SCOTLAND'S nuclear submarine base has suffered six significant safety incidents in the last five years, including human exposure to radiation.

A total of 11 incidents were recorded at Faslane naval base on the Clyde and Devonport in Plymouth, with radioactive waste being spilled, workers exposed to radiation, power supplies lost, safety valves wrongly operated and a bag of waste mistakenly dropped overboard.

The incidents have been admitted by UK defence minister, Philip Dunne, in response to a parliamentary question from Angus Robertson MP, the SNP's defence spokesman.

Mr Robertson said it was "frightening reading". "They concern the most serious types of incident and would not even be in the public domain without asking for the information. Safety has to be paramount at Faslane and Devonport and some of the reported incidents that we do know about do not inspire confidence."

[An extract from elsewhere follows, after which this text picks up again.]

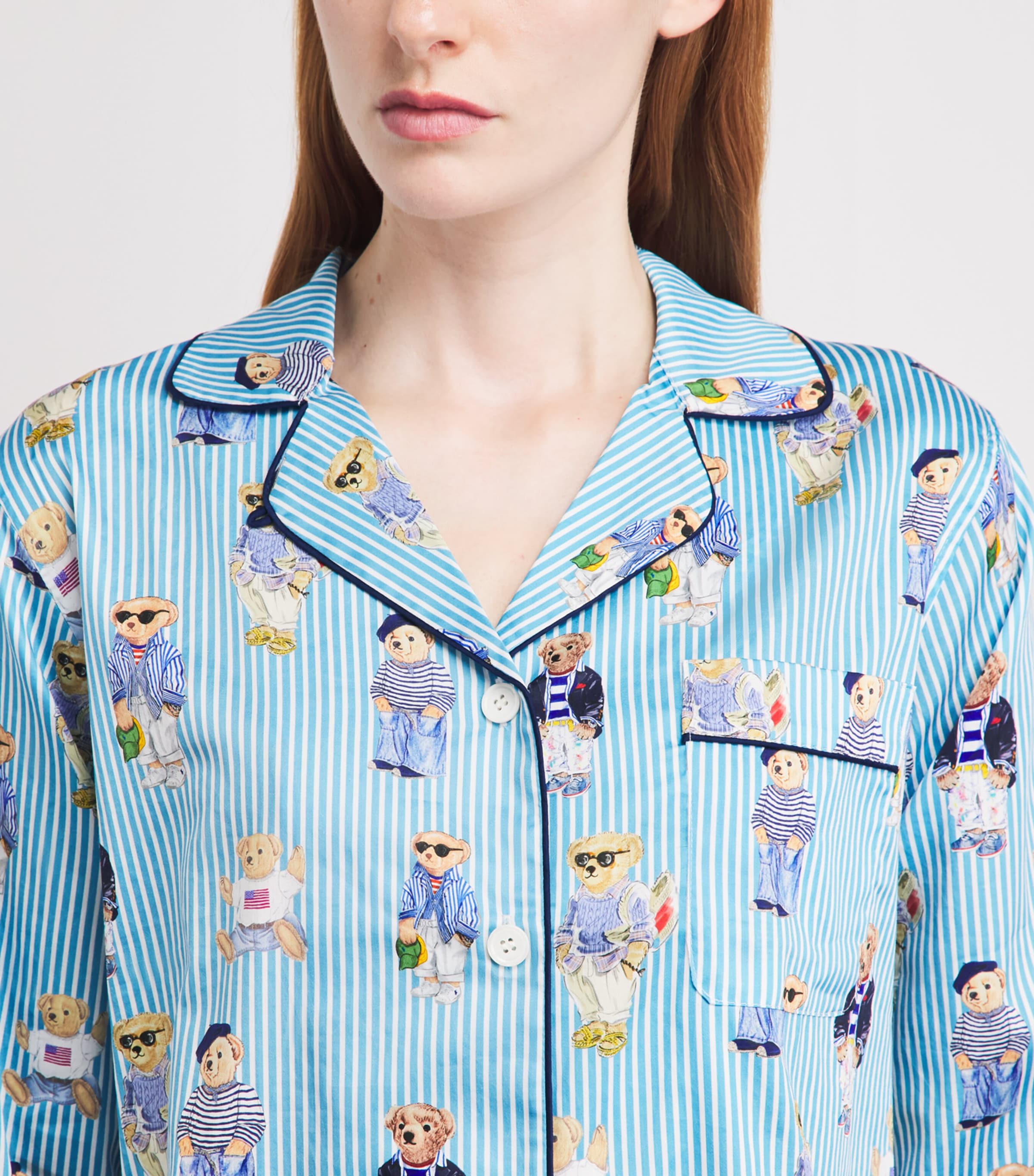 Polo Ralph Lauren Womens Cotton Stripe Polo Bear Pyjama Set Agua Mist Bear Image 3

The MoD said six incidents since 2008 at Faslane have been defined as "category B". This is the second-worst rating, involving "actual or high potential for a contained release within building or submarine or unplanned exposure to radiation".

Last year, maintenance workers entered an area next to a reactor compartment "without the proper radiological controls in place and hence received an unplanned exposure to a radiological dose," the MoD said.

Although the MoD described what happened in 10 instances, it refused to give details of one event at Devonport as "disclosure would be likely to prejudice the capability, effectiveness or security of the armed forces".

UK defence minister Mr Dunne said radioactive contamination had not caused a danger to the environment or human health.

But John Ainslie, co-ordinator of the Scottish Campaign for Nuclear Disarmament, said: "This catalogue of safety errors shows there is always the risk that something can go catastrophically wrong so long as nuclear submarines remain in Scotland."